As final authority the court cites 2 Farnham on Waters p. 860 as follows:
"If a permanent obstruction is erected, so that it casts water across the boundary line onto the land of the upper owner, the injury is complete at the time the obstruction is erected and the injury done; and there is no ground for holding that a right of action for damages may be carried along for a period of twenty years when the Statute of Limitations says that it shall be barred in six years. The only logical rule is that, if the upper owner wishes to recover damages for his injury, he must bring this action within the time named by the Statute of Limitations".
Respondent in the case at bar further contends that his cause of action here is for tort in the nature of trespass. (Kennedy v. Union Electric Co. of Mo., 216 S.W.2d 756). Granting that the instant case partakes of the nature of trespass, we cannot see why the rule, nevertheless, should not apply where a single action is required for permanent damages arising from the same permanent cause as here.
Applying the law to the circumstances and facts at hand, we are forced to the conclusion that plaintiff's cause of action for permanent injuries to his farm because of the defendant's dam, and conditions resulting therefrom, arose not later than in May, 1935, when he had full notice, by his injuries that year that his land was subject, vulnerable and liable to present and future floods and damages by reason of the permanent cause thereof, to wit, the existence, construction, operation and maintenance of the defendant's Bagnell Dam. Since this suit was not instituted until November 3, 1945, it is evident that it was not instituted within the five year period of the statute pleaded, and is therefore barred thereby.

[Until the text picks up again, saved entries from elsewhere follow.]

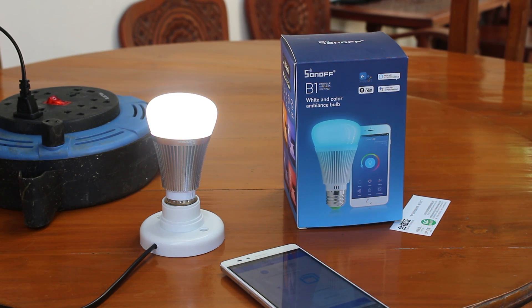Hi everyone, Cinexsoft here. I'm going to show how to use the Sonoff B1 smart RGB light with Android and the stock firmware.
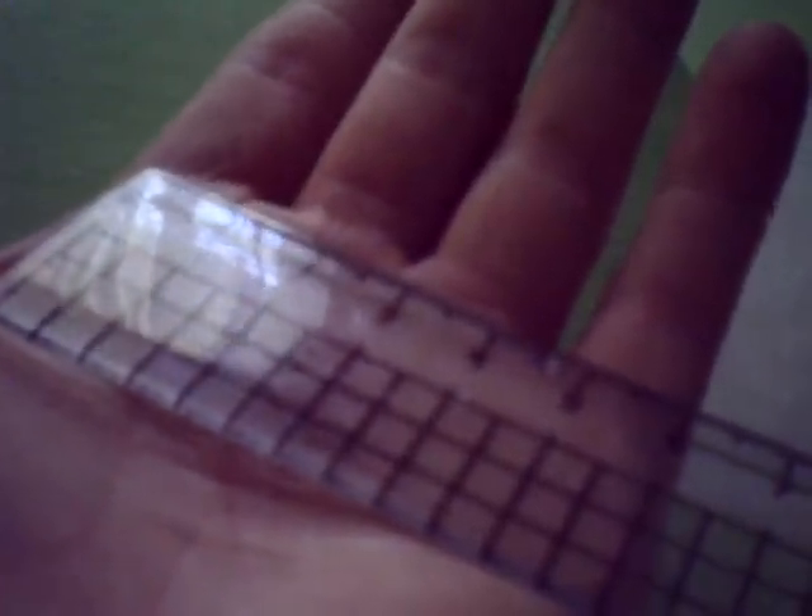To make your pattern, you're going to take your ruler or tape measure and you're going to measure across from one side of your palm to the other. And then from there, you're going to measure down your arm in how long you want your glove to be.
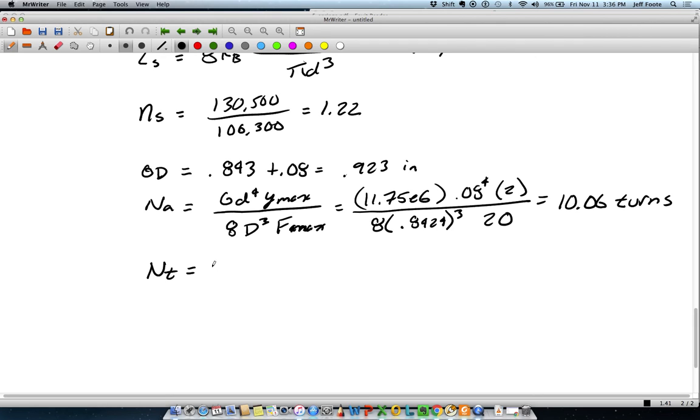The total number of coils — since I have closed and ground ends — adds two additional turns, giving 12.05. You can have any percentage of a partial turn; that's very possible. But I don't know that you'd want to specify anything that specific. You may go to 12 or 12.5, or just round down to 12 and then tweak the mean diameter to fit. If you have a precise CNC machine it wouldn't be hard, but you could drop to 12, tweak the mean diameter, and end up just fine.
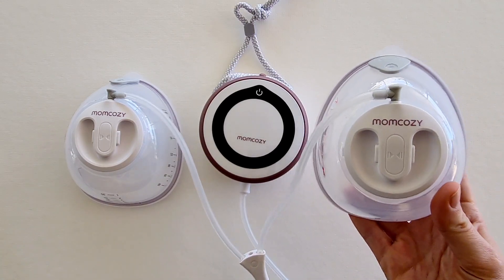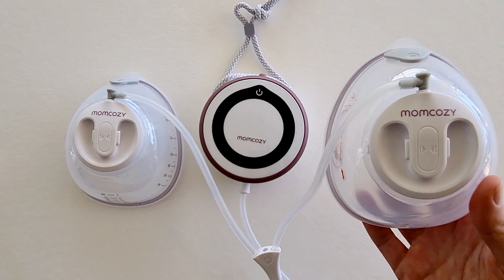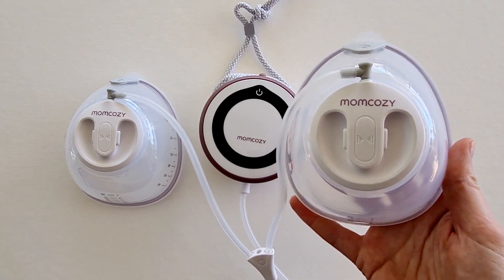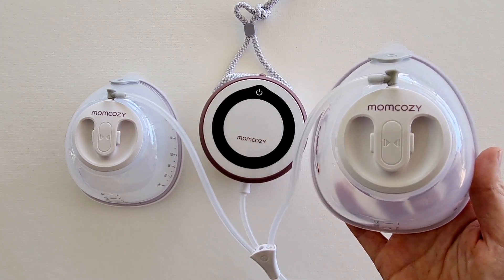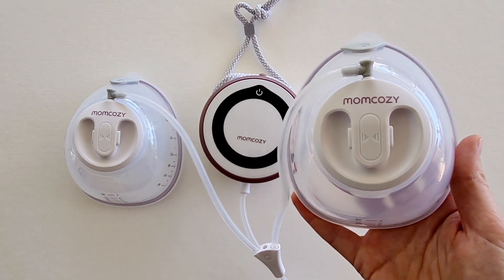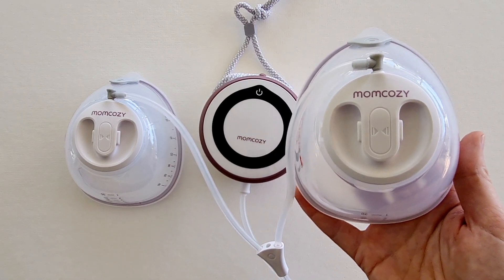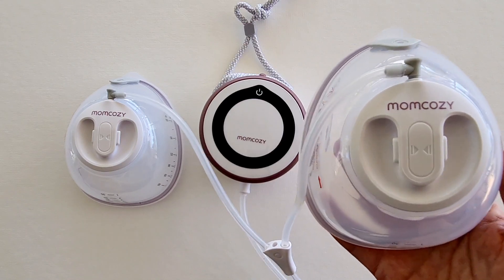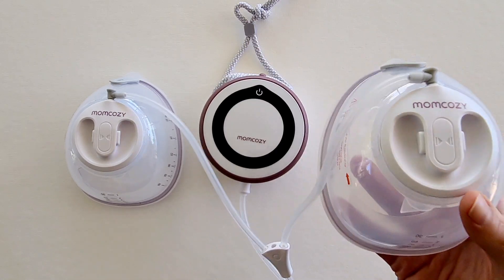There are also three different modes: stimulation mode for your letdown, expression for your general pumping, and this incredible vibration mode. The vibration mode offers high and low frequency vibrations to loosen the milk ducts during your pumping session. As it vibrates, the milk ducts are shaking out that extra bit of milk, so you're really emptying your breasts — and for me, having this extra feature is just an absolute huge win.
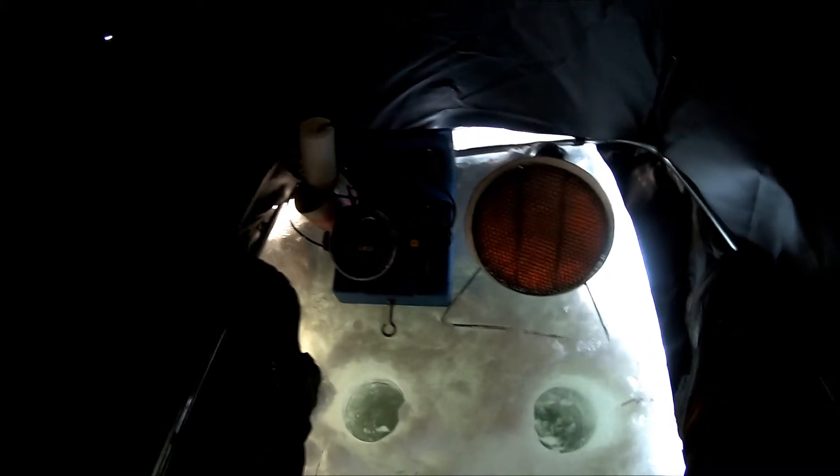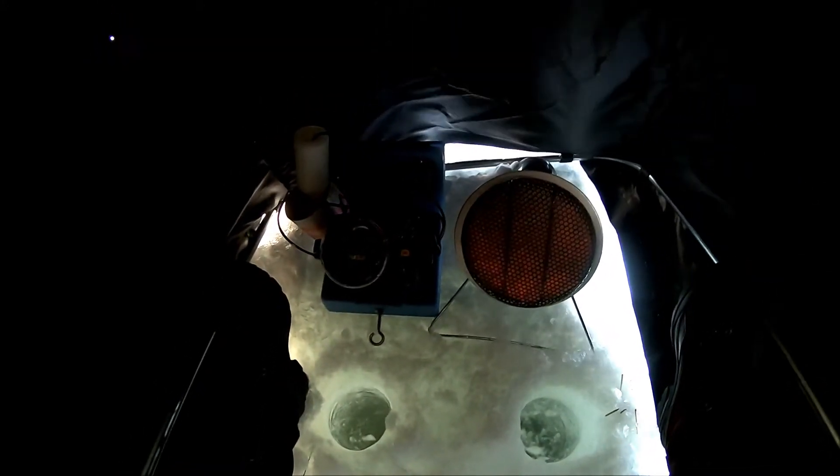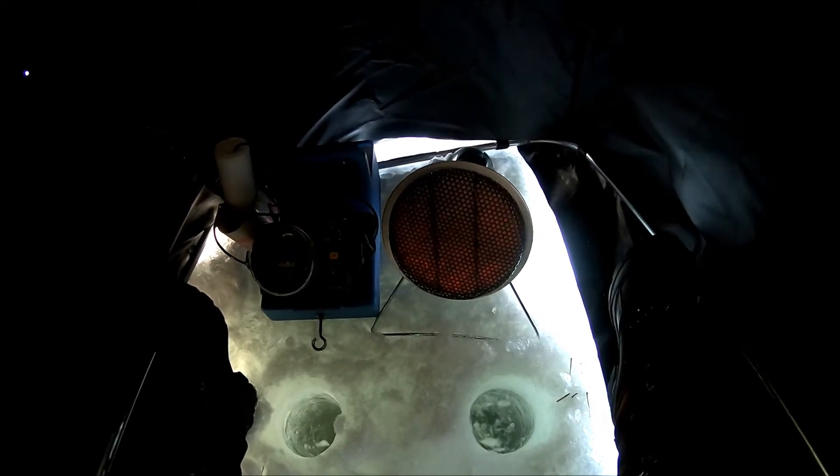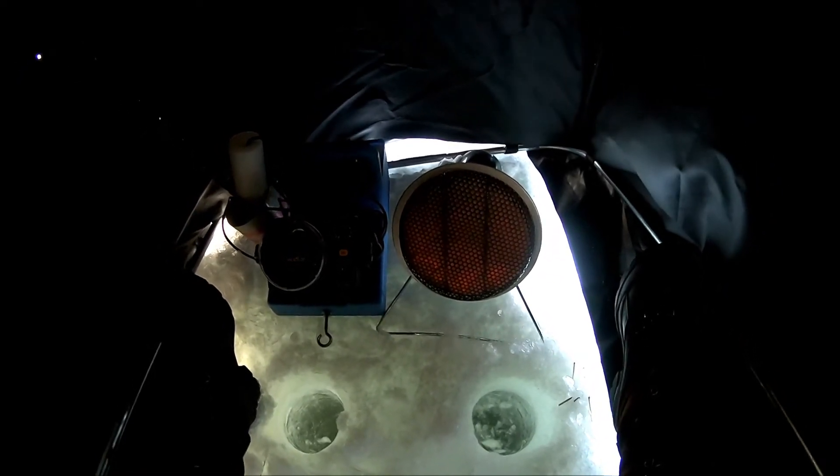Here we are, I'm giving you a tour of my ice hut. Right there on the right, that slightly orange thing is my black cat heater.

Appellant presents other points for our review but which, in view of the foregoing disposition of the entire case as barred by limitation, we deem it unnecessary to consider.
The judgment of the trial court is reversed. It is so ordered. Cave, J., concurs in separate opinion. Vandeventer, J., (sitting by order of Supreme Court) concurs.
I concur in the majority opinion because of the theory upon which the case was brought, tried and submitted. I am of the opinion that plaintiff's suit is grounded upon his constitutional right to compensation for property taken or damaged for public use. His petition prayed for damages to his entire tract of land, and his evidence on that point was directed to the difference in the market value of the entire tract before the flooding and immediately thereafter; his principal instruction submitted that issue as his element of damages. The theory of this case is entirely different from that advanced in Grace v. Union Electric Company, 200 S.W.2d 364; Kennedy v. Union Electric Company, 216 S.W.2d 756; and in Cunningham et al. v. Union Electric Company, decided concurrently herewith.